Second, the drafters of MLRPC 8.2(a) intended to incorporate the standards articulated in Garrison and New York Times in that rule. See American Bar Association, Model Rules of Professional Conduct, Proposed Final Draft (May 30, 1981) at 206 ("Rule 8.2 is consistent with that limitation [in New York Times and Garrison]"); M. Tarkington, The Truth be Damned: The First Amendment, Attorney Speech, and Judicial Reputation, 97 Geo. L.J. 1567, 1587 & n. 123 (2009). (As the Majority opinion recounts, some courts have instead chosen not to apply the New York Times standard in favor of a less demanding, "objective" standard. Majority slip op. at p.19 n.11).

Third, the decisions of this Court under MLRPC 8.2(a) that are relied upon by the Majority opinion all involved statements alleging specific acts of misconduct rather than a general negative characterization of the officials. See Attorney Grievance Comm'n v. McClain, 406 Md. 1, 956 A.2d 135 (2008) (in appeal to circuit court, attorney alleged that District Court judge had admitted personal bias against him and purported to "document" that allegation with false statements about the content of the record); Attorney Grievance Comm'n v. DeMaio, 379 Md. 571, 842 A.2d 802 (2004) (attorney alleged, without factual basis, that judge had ex parte contact with opposing party, had possibly received a "monetary benefit" from that party, and had colluded to remove briefs from public record); Attorney Grievance Comm'n v. Hermina, 379 Md. 503, 842 A.2d 762 (2004) (attorney accused judge of holding ex parte jury instruction conference with opposing counsel in violation of the Code of Judicial Conduct). In this case, only the statements concerning Judge Harrington — i.e., that she allegedly arranged for deputy sheriffs to "illegally" arrest Mr. Frost — appear to go beyond derogatory adjectives.

Finally, discipline imposed by the judiciary that may appear designed to shield judges from general statements of adverse opinions can itself undermine confidence in the judiciary. See J. Dodd, The First Amendment and Attorney Discipline for Criticism of the Judiciary: Let the Lawyer Beware, 15 N. Ky. L. Rev. 129, 144 (1988).

At this intersection of statements of fact and statements of opinion, of protected speech and public officials, it is best to proceed with caution. I would not impose discipline on the basis of a "deemed admission" of the critical intent element. Rather, we should hold the charges under MLRPC 8.2(a) and 8.4(c) in abeyance. If Mr. Frost were suspended on the basis of the other charged violations, and were later to satisfy the conditions for readmission and cooperate with Bar Counsel's inquiry, I would remand the matter to the hearing judge for further consideration of the remaining charges. See Maryland Rule 16-759(c)(6).

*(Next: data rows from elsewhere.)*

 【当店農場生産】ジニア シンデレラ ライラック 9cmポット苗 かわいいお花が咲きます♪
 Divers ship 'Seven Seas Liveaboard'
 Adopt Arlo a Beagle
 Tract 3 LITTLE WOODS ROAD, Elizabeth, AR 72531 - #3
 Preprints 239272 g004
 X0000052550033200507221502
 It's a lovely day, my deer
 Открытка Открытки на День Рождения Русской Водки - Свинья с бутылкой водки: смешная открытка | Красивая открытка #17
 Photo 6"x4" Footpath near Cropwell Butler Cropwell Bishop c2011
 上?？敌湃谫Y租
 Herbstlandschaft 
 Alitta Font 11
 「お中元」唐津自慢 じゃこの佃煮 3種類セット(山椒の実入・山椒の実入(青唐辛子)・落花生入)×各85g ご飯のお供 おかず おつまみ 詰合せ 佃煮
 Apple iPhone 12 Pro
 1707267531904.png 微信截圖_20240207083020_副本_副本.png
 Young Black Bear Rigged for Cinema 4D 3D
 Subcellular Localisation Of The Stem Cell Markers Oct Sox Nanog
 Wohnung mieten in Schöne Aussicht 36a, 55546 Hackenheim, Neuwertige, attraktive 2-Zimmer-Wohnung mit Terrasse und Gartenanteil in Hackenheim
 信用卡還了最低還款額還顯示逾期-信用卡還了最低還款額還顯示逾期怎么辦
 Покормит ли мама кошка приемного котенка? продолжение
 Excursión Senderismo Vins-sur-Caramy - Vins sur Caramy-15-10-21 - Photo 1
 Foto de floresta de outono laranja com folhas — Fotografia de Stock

But I would not disbar under MLRPC 8.2(a) and 8.4(c) at this time on this record.

Sunday, March 2, 2014

Muncie City Judge Issues Arrest Warrant on 22 Year Old Fine

The Muncie Star Press reports:
It's been a long time -- more than 22 years, to be exact -- since Jay Hart, at the time a 19-year-old Frankfort resident, came to Muncie for a day of fun.

Too much fun, as it turned out. After visiting a local skate park, Hart attended a party near the Ball State University campus. His resulting intoxication would end with his arrest at a Muncie skating rink.

The teenager pleaded guilty in Muncie City Court back in 1992 to illegal consumption of alcohol, and over the ensuing decades, his misadventures in Muncie were largely forgotten.

Until Feb. 11, that is. That's the day City Court Judge Dianna Bennington, elected to the bench 20 years after Hart's local prosecution, issued a warrant for his arrest, alleging he had failed to pay a related fine and court costs, then totaling $150, in 1992.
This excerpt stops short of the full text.